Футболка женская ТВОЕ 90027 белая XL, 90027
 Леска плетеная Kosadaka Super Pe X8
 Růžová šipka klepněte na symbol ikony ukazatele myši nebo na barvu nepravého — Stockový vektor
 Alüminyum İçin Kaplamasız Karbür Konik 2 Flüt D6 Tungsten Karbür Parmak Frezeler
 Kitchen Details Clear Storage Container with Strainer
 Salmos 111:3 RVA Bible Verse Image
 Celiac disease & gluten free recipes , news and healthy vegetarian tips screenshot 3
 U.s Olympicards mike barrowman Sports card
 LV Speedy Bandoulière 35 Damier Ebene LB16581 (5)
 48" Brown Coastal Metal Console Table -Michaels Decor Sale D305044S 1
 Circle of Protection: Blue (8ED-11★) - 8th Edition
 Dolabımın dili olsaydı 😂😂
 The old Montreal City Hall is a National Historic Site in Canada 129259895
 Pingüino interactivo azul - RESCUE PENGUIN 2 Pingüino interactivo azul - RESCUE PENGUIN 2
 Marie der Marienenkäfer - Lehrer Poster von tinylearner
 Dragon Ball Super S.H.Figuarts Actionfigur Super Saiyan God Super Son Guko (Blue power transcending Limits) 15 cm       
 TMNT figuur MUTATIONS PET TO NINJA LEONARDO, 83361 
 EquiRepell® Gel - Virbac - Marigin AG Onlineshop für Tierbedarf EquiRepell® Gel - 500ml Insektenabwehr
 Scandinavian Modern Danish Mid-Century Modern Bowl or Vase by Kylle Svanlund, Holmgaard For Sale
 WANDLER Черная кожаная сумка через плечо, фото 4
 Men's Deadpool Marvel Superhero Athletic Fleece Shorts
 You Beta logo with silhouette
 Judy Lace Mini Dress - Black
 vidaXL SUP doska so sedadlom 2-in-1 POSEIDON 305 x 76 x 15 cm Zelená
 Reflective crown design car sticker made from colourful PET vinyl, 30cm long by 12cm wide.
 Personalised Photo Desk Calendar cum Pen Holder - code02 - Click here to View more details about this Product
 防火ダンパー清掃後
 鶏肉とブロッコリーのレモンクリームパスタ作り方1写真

What you will do
If a line in the entries holds the string "with", copy it.

Answer box
 Kitchen Details Clear Storage Container with Strainer
 You Beta logo with silhouette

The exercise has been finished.